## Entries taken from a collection
-- -- --

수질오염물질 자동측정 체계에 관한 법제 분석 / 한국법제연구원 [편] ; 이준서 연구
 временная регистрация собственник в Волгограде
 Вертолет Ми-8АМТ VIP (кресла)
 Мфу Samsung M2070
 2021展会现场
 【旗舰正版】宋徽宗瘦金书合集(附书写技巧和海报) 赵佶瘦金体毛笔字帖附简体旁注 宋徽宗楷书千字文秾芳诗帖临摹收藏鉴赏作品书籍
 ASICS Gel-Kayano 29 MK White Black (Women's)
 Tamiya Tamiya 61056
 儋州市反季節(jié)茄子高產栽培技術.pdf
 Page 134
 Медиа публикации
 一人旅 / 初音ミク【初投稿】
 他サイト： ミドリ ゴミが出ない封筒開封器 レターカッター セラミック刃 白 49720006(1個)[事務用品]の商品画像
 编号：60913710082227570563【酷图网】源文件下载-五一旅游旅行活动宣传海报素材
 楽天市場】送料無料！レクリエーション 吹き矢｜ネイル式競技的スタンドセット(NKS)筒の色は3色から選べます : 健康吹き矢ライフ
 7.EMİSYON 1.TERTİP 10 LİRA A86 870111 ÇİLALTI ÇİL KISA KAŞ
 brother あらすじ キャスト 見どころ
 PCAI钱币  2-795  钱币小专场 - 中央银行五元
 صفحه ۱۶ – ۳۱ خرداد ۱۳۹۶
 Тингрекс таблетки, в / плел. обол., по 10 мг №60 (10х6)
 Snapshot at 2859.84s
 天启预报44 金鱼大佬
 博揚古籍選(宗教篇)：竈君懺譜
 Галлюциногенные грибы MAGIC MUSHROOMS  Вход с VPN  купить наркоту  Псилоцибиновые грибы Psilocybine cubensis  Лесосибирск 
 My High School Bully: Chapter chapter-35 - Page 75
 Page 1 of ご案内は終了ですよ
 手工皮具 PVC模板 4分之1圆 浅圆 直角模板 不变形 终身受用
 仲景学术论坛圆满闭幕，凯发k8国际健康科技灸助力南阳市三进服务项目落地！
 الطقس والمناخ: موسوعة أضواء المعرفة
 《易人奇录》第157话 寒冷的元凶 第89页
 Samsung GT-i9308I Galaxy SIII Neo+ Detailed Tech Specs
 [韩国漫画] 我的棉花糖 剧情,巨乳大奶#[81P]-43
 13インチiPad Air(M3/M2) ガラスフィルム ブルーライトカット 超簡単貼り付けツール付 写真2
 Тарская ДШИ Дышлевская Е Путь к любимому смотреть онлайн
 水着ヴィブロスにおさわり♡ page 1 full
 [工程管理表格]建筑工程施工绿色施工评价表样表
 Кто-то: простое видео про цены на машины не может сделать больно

-- -- --

## Task to carry out
Look through the entries above and count each line holding "Samsung"; report the count alone.

## Answer for the task
2